In Ohio, unions managed to scrap an anti-labor law through a referendum. Under that process, all they had to do was obtain the requisite number of signatures for the law to be automatically suspended, pending a vote, which went in their favor. But this option is not available in Michigan because the new law is appended to an appropriations bill and is therefore referendum-proof.

That means unions will have to choose between an initiative or a constitutional amendment. Neither blocks the law from remaining on the books until voters go back to the polls in 2014. The initiative is the more likely route because it would require backers to gather signatures equal to only 8 percent of the votes cast in the last election to qualify for the ballot. The unions would be taking a small risk that the initiative would be overturned by a three-quarters vote of the Legislature. By contrast, a constitutional amendment would require them to gather 10 percent of the votes cast, though lawmakers couldn't touch it if it passed.

Once on the ballot, can such an initiative pass in Michigan?

The state's voters overwhelmingly defeated a measure last month that would have made it unconstitutional for Michigan to ever become a right-to-work state. The 15-point margin in that victory was what emboldened Republicans to push for right-to-work laws in the Legislature.  One poll showed that Michigan voters favored the right-to-work bills by 51 percent to 41 percent. (Even 40 percent of union households supported the law as did 63 percent of young voters.)

This gap may only widen as the law goes into effect without producing the economic Armageddon for Michigan's middle-class families that unions are predicting.

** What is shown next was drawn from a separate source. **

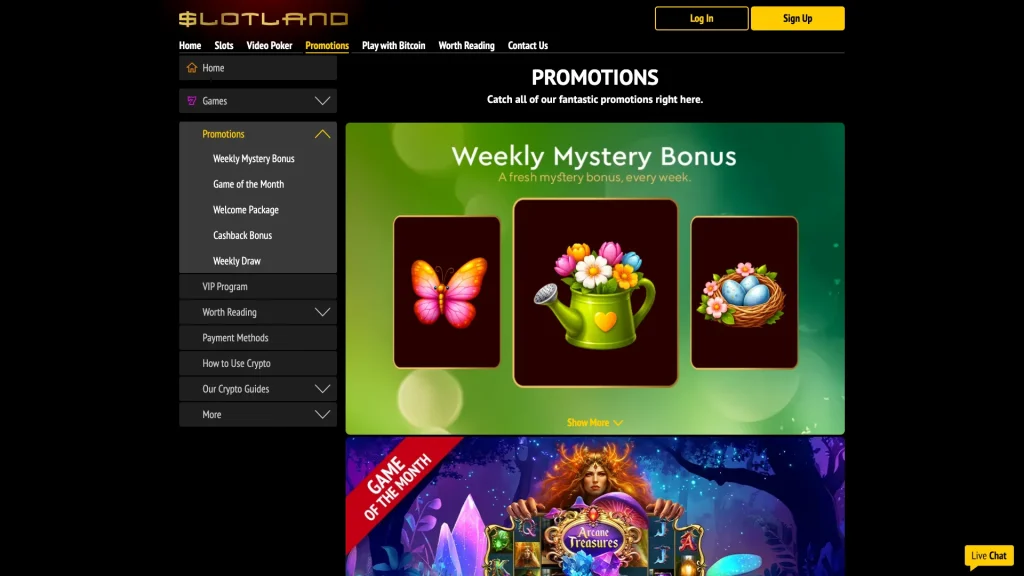 Slotland promotions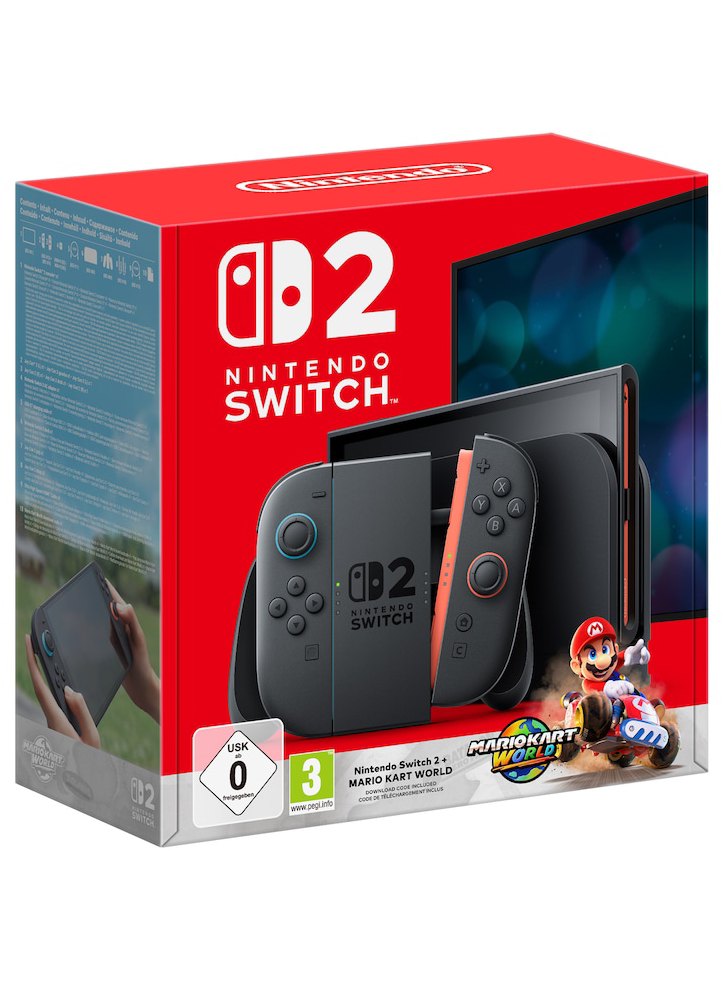 Console Light Blue/light Red Joycon + Joc Mario Kart World Bundle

The law might even strengthen the economy, by drawing business from surrounding states where unions still have the right to collect mandatory dues. A study by the pro-right-to-work National Institute for Labor Relations recently found that 70 percent of all job growth in the last decade or so had occurred in households in right-to-work states. If that is the case, right to work will stick in Michigan and there isn't much big labor can do about it.